Immune and affect response to shamanic drumming

Sandra Dickey Harner, Fordham University

Abstract

The effect of shamanic drumming and journeying on immune response and a variety of dimensions of affect (anxiety, well-being, and mood disturbance, and their subscales) was assessed with several questionnaires and assays of Salivary Immunoglobulin A (S-IgA) from a sample of 40 shamanic practitioners who acted as their own controls in a repeated measures design with four conditions--Baseline, Resting, Birdsongs, and Journeying/Drumming. Results of this study suggest that although shamanic journeying accompanied by drumming appears to have a significant effect on affect, it does not have an effect on immune response as indicated by S-IgA levels. All the well-being factors increased in the Drumming/Journeying Condition compared to the Birdsongs Condition. Total, Physical, and Affective Well-Being increased in the Drumming/Journeying Condition compared to Baseline. Only Physical Well-Being was greater in the comparison of the Drumming/Journeying Condition to the Resting Condition. This suggests that Drumming/Journeying increases well-being across several dimensions.

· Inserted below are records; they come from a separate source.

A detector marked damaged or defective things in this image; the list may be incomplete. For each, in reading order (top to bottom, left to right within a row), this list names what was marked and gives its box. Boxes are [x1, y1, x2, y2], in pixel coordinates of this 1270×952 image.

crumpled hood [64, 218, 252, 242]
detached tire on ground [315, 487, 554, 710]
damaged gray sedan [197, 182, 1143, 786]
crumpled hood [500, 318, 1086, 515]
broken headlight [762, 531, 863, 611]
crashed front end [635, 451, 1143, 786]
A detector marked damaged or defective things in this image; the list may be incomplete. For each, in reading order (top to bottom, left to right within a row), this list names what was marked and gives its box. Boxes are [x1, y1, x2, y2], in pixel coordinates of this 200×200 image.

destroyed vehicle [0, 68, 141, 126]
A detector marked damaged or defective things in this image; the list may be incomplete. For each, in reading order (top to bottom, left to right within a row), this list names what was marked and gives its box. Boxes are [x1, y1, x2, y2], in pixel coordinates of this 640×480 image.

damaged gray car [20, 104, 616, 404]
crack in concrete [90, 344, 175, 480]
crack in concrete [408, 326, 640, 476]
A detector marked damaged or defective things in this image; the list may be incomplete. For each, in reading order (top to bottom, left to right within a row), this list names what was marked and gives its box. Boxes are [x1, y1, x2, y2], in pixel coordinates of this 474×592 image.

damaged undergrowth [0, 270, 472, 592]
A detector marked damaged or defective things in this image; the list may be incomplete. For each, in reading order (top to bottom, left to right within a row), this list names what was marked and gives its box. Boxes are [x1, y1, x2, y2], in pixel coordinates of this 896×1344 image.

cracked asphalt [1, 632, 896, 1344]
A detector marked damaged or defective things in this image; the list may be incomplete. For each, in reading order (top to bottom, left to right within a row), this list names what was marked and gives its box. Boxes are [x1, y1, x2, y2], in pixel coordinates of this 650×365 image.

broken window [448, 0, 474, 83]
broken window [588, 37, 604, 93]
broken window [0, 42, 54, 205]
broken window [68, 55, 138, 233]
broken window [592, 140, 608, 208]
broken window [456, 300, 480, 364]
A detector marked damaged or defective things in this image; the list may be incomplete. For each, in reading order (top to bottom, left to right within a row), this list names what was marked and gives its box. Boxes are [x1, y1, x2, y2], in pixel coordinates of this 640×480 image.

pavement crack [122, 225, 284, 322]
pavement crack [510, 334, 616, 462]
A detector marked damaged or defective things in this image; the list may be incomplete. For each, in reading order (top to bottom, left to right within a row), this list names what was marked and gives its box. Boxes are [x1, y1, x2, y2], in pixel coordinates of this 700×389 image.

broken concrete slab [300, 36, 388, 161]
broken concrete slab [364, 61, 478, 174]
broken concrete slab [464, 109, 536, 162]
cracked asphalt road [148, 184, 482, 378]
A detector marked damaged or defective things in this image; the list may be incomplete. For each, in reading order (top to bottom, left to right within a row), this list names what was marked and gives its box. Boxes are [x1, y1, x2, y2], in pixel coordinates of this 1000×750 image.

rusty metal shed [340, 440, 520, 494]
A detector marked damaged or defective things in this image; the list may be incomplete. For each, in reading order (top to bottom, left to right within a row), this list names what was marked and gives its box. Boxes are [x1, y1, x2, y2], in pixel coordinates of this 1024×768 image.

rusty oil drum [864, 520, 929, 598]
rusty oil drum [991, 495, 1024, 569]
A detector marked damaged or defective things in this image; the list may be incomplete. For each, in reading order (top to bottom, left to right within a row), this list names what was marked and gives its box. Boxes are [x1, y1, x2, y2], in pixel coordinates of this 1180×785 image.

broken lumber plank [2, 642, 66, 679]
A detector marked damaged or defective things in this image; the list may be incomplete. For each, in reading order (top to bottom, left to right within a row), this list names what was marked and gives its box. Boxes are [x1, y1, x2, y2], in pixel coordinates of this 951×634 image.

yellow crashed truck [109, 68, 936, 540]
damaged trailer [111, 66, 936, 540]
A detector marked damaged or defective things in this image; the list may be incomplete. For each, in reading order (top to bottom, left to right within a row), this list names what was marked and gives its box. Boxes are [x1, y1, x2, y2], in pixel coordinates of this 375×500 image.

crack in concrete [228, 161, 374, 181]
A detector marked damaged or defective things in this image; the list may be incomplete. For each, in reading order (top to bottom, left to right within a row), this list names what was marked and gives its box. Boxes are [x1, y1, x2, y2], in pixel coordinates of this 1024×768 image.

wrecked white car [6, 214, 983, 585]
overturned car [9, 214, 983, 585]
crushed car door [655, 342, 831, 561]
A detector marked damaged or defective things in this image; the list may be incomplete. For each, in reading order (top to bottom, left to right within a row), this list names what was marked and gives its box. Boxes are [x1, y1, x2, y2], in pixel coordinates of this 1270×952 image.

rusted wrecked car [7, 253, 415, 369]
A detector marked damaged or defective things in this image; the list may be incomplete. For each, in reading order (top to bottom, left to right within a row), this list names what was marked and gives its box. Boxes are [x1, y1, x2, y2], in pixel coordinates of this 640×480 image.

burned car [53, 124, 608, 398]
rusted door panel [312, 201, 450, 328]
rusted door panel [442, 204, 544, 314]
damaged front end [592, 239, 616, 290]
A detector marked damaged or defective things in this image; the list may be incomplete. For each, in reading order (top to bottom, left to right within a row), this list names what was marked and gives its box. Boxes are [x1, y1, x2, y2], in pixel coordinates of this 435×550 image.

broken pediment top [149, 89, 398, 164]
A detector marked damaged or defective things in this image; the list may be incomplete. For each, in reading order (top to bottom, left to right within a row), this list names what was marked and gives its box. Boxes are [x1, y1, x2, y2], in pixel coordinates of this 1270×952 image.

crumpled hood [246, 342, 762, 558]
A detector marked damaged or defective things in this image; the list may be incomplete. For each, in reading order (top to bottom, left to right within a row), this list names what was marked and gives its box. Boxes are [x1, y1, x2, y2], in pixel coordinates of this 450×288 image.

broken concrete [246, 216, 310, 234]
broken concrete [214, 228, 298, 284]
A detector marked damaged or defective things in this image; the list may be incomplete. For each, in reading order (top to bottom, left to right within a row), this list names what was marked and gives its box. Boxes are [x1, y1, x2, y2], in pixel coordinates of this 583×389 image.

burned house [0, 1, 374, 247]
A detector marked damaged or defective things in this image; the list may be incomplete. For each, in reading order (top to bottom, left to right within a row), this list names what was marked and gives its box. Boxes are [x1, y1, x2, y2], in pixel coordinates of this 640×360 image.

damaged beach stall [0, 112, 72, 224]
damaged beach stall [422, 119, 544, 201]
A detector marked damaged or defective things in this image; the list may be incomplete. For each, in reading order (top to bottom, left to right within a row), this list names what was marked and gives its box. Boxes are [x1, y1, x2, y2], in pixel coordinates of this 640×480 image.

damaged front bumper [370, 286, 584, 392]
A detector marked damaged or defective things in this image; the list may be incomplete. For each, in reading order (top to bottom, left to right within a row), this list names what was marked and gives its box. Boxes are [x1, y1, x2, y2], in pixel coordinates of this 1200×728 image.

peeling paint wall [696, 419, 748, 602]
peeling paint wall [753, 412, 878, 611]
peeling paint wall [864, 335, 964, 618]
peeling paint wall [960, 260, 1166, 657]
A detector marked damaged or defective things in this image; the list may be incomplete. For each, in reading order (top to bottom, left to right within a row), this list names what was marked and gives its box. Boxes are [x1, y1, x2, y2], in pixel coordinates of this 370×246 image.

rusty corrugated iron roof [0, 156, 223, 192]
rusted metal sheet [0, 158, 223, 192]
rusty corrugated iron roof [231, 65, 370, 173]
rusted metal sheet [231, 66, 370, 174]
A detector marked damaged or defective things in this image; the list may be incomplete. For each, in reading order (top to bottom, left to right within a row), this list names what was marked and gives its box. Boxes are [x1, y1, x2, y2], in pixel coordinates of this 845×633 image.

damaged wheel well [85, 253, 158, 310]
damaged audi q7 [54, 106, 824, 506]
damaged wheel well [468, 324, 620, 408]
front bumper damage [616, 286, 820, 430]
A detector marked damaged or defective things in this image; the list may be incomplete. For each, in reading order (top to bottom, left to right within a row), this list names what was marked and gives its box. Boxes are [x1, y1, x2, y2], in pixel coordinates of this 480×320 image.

Lower anxiety was found in response to the Drumming/Journeying Condition than in response to Baseline, Resting, and Birdsongs conditions, supporting the hypothesis that shamanic drumming/journeying effectively reduces anxiety. All mood disturbance subscales (Anger, Confusion, Depression, Fatigue, Tension-Anxiety) except Vigor had lower levels after the Drumming/Journeying Condition than at Baseline. Tension-anxiety, anger, confusion and fatigue were lower for the Drumming/Journeying Condition than after the Birdsongs Condition, while vigor was significantly higher for the Drumming/Journeying Condition. Depression and confusion levels were lower after the Drumming/Journeying Condition than after the Resting Condition. The results of the present investigation revealed that, for the participants in this project, shamanic journeying accompanied by drumming was helpful, not harmful, over a range of psychological dimensions. While it appears unlikely to increase S-IgA concentration, the domain of immune response to shamanic journeying/drumming should not be closed off prematurely. Other studies have suggested a link of positive psychological factors to increased immune response. Shamanic journeying accompanied by drumming appears to be a robust means for effecting significant positive changes in some affective domains.

Subject Area

Psychotherapy|Immunology|Cultural anthropology|Physiological psychology

Recommended Citation

Harner, Sandra Dickey, "Immune and affect response to shamanic drumming" (1995). ETD Collection for Fordham University. AAI9520609.